What you have to do:
Return all of the listing word for word; the pictures stay out.
-- Opening Marker --
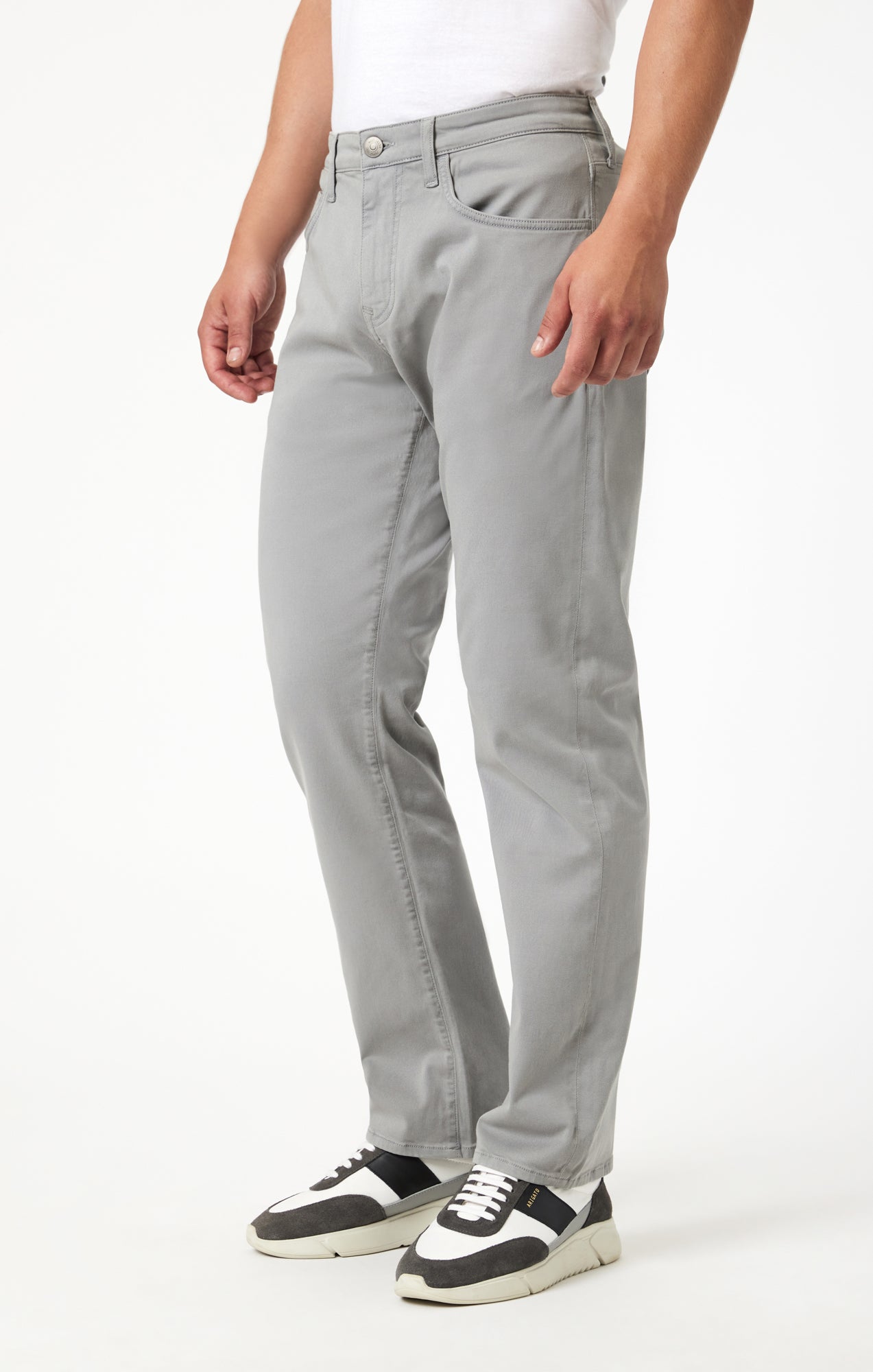 MATT RELAXED STRAIGHT LEG IN STORMY CASUAL TWILL - Mavi Jeans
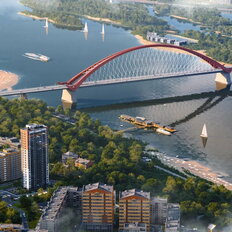Квартира 37,3 м², 1-комнатная - изображение 3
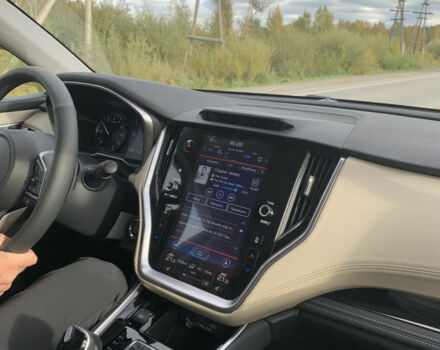 Subaru Outback 2021 року - Фото 3 автомобіля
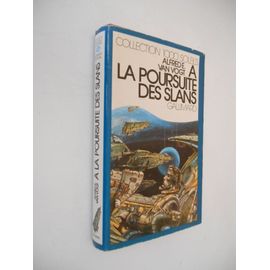 A la poursuite des Slans /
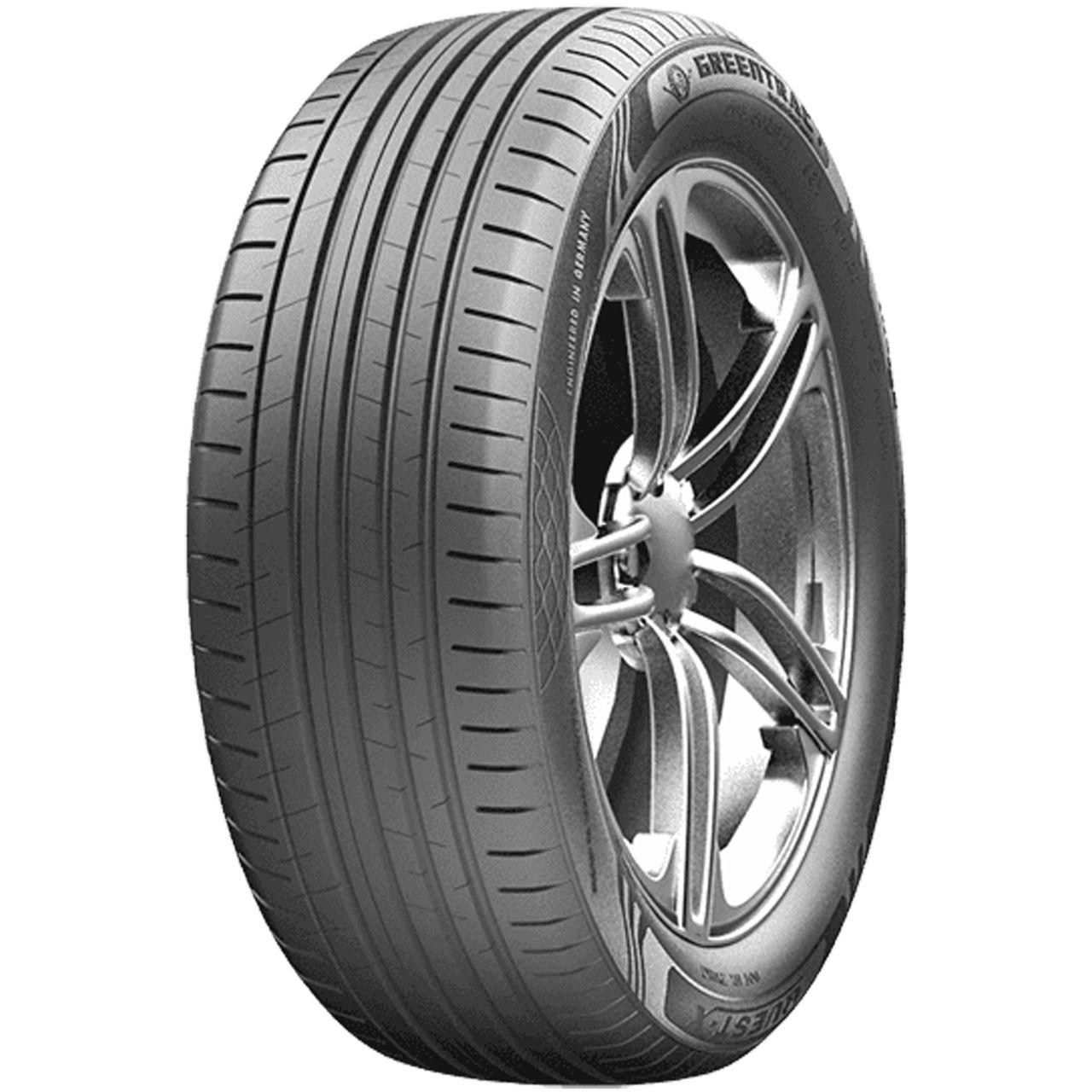 GREENTRAC QUEST-X 255/50R19 107Y XL BSW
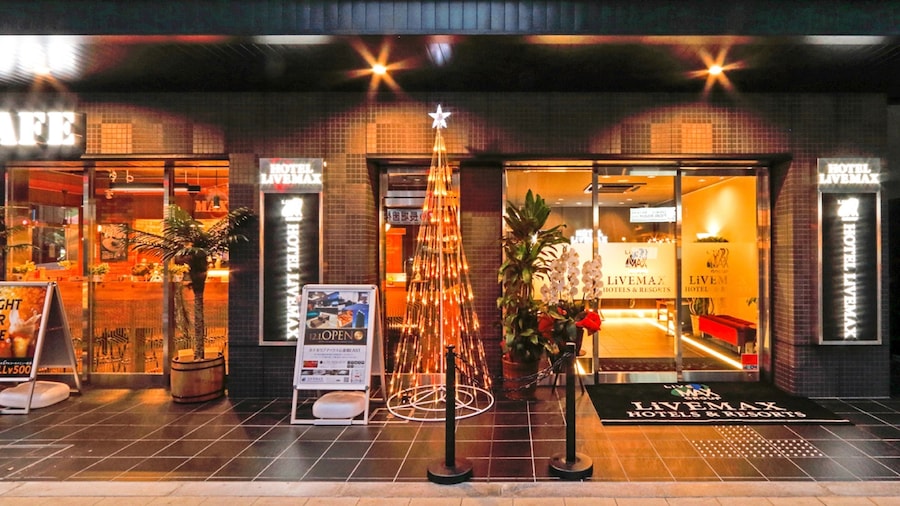 Hotel Livemax Shinsaibashi East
-- Closing Marker --
Task response:
 MATT RELAXED STRAIGHT LEG IN STORMY CASUAL TWILL - Mavi Jeans
Квартира 37,3 м², 1-комнатная - изображение 3
 Subaru Outback 2021 року - Фото 3 автомобіля
 A la poursuite des Slans /
 GREENTRAC QUEST-X 255/50R19 107Y XL BSW
 Hotel Livemax Shinsaibashi East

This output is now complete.